Use code MODERN20 to receive 20% off pre-orders of the book through the Monacelli website.

Modern in the Middle Part Four:
Doris Curry and Jacques Brownson House

Jacques Calmon Brownson has received praise for his civic buildings, especially as chief architect of the award-winning Chicago Civic Center (1965, renamed Richard J. Daley Center in 1979) during his time with C. F. Murphy Associates.(1) In the 1990s, Paul Gapp, architecture critic at the Chicago Tribune, listed it among the city’s ten most important postwar works of architecture.(2)

Jacques Brownson started his undergraduate professional degree at IIT in 1941, shortly after the arrival of Ludwig Mies van der Rohe as the new director in 1938. Brownson acquired experience in the design-build process very early when his father agreed to build and sell a house with Brownson as apprentice builder in order to pay for his architectural education with profits from the sale.(3) Although the war intervened, upon his return to Chicago after serving with the US Army Corps of Engineers (from 1943–46), Brownson re-enrolled at IIT and in 1947 was awarded the opportunity to participate in the Build-It-Yourself House initiative sponsored by Popular Mechanics magazine.(4) Published in both the April and May issues of the magazine, the “modified Cape Cod” house that twenty-three-year-old Jacques, with the assistance of his spouse Doris, designed and built in his hometown of Aurora opened to the public in Spring 1947.(5) In the demonstration photographs published in the April 1947 issue, Jacques and Doris often appear working side-by-side to realize the house.(6) The sale of the Popular Mechanics Build-It-Yourself House in Aurora allowed the Brownsons to purchase property for their future modern house in nearby Geneva.

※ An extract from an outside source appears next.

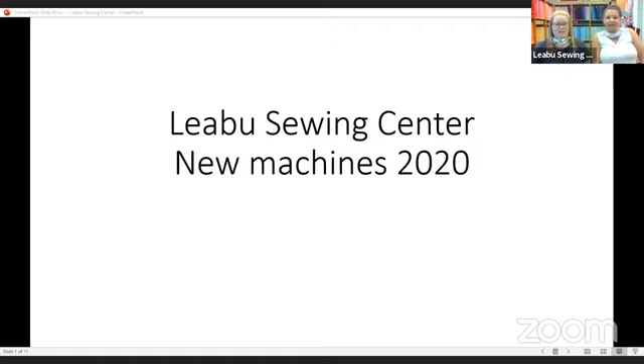Hi guys, hello. We're trying to get you guys up a PDF that's going to give you a whole bunch of information, so hang on just a second for me.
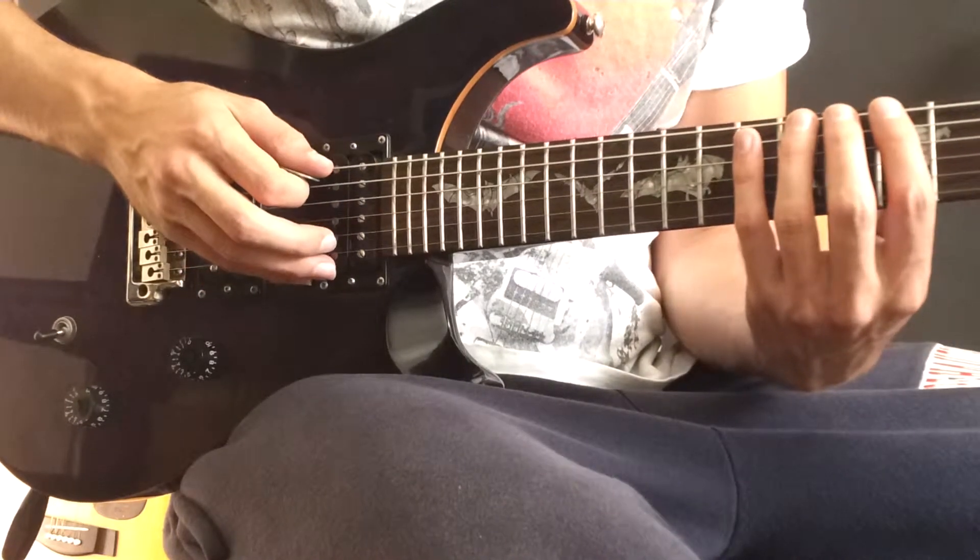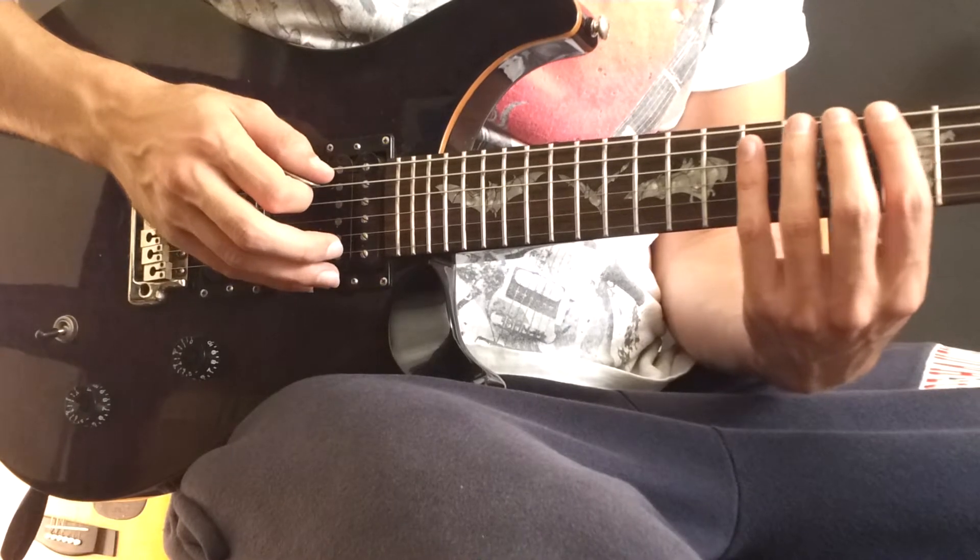I haven't practiced it up to speed, but I think this is the way I would play it, as well with the right hand.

During the postwar years there was a growing trend among architects to live in Chicago-area villages and cities and either commute to work or establish home offices. Brownson designed and built a steel-and-glass one-story pavilion on a wooded site along the Fox River for Doris and their children.(7) The Brownson House lies flat on the ground—as does Philip Johnson’s Glass House in New Canaan completed earlier in 1949, and unlike the elevated Edith Farnsworth House (p. 162) that was also under construction in nearby Plano. The pavilion effect was reinforced by the wooded setting in which hawthorn trees were planted with the guidance of landscape architect Alfred Caldwell, Brownson’s former teacher at IIT. Brownson wrote: “In a glass pavilion, the spectacle of nature is always before you.”(8) The steel-framed roof plate is suspended from four rigid steel girders held up by black steel columns. In describing the spatial and material strategy of separating and demarcating living areas (defined by floor-to-ceiling glass walls) from sleeping areas (brick infill with windows) at the rear of the house. Brownson indicated that the “Geneva house is really two houses in one. If you look at the plan, it is separated very clearly by a wall that says that one part is very private, and the other part is the public space, which is the front part. It’s a house in which the difference shows.”(9)

A couple of years after completion of the house, Brownson submitted an overview of the design and building process—“A Steel and Glass House”—as part of the requirements for fulfilling his IIT Master of Science in Architecture degree in 1954. In the preface of his MS thesis Brownson writes: “It was my intention to explore the architectural possibilities and the technical problems involved in building a house using industrial techniques and materials of the present time.”(10) Also an educator, Jacques Brownson taught at IIT first as an instructor, then assistant professor (1948–59), and as professor and chairman of Architecture and Urban Planning at the University of Michigan (1966–68).(11)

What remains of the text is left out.